→ **Data extract**:
────────────────────

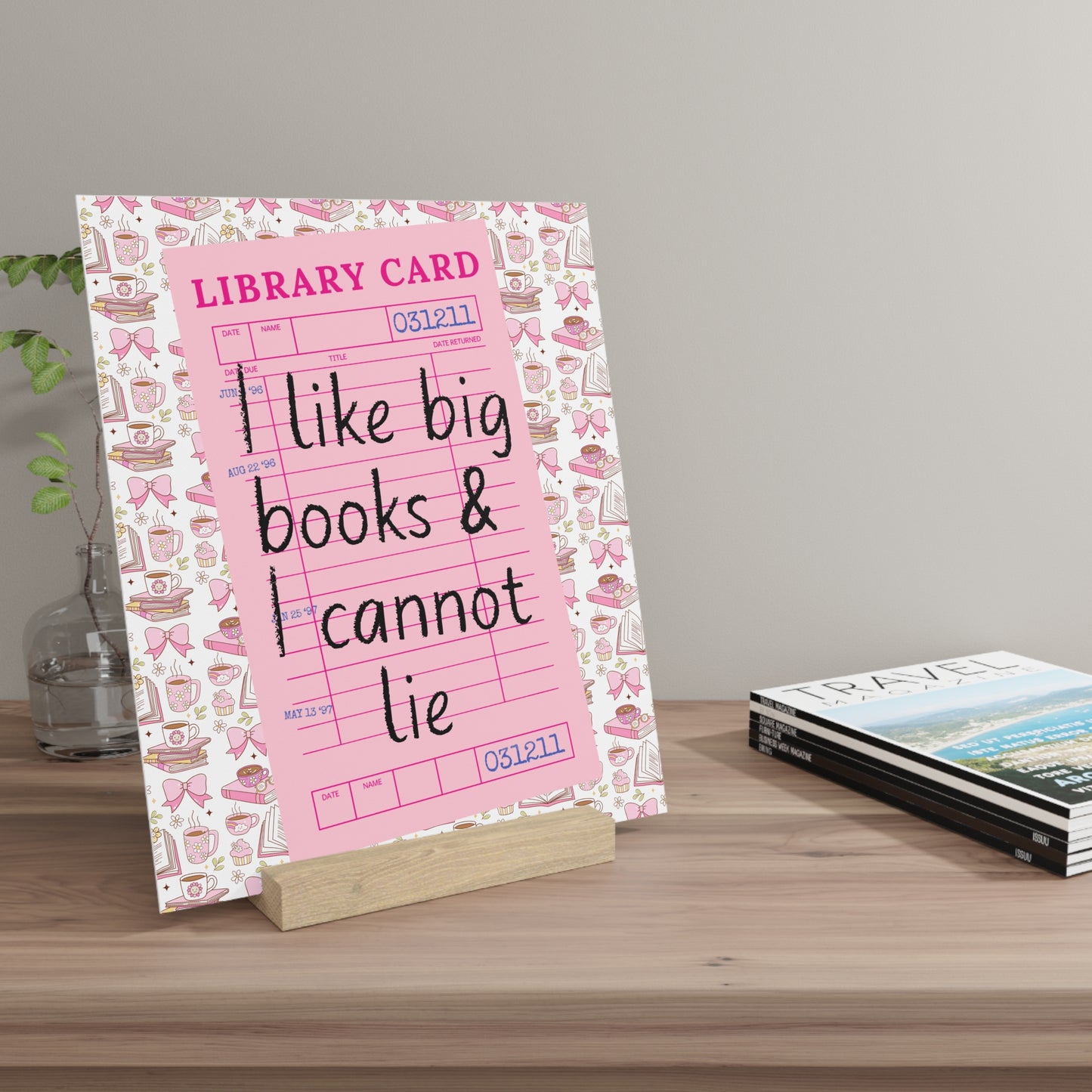 I Like Big Books & I Cannot Lie Bookshelf Decor with Stand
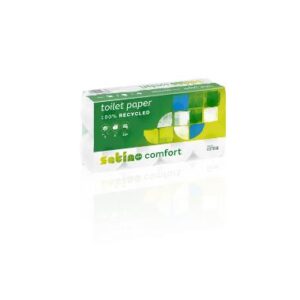 Toilettenpapier recycelt 9,4 x 12 cm 3-lagig 250 Blatt weiss Satino Comfort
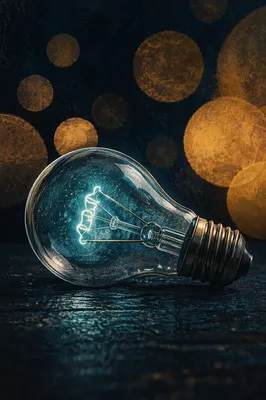 Glowing Light Bulb Idea on Dark Background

────────────────────

Output the listing above exactly, pictures omitted.

→ **Worked solution**:
 I Like Big Books & I Cannot Lie Bookshelf Decor with Stand
 Toilettenpapier recycelt 9,4 x 12 cm 3-lagig 250 Blatt weiss Satino Comfort
 Glowing Light Bulb Idea on Dark Background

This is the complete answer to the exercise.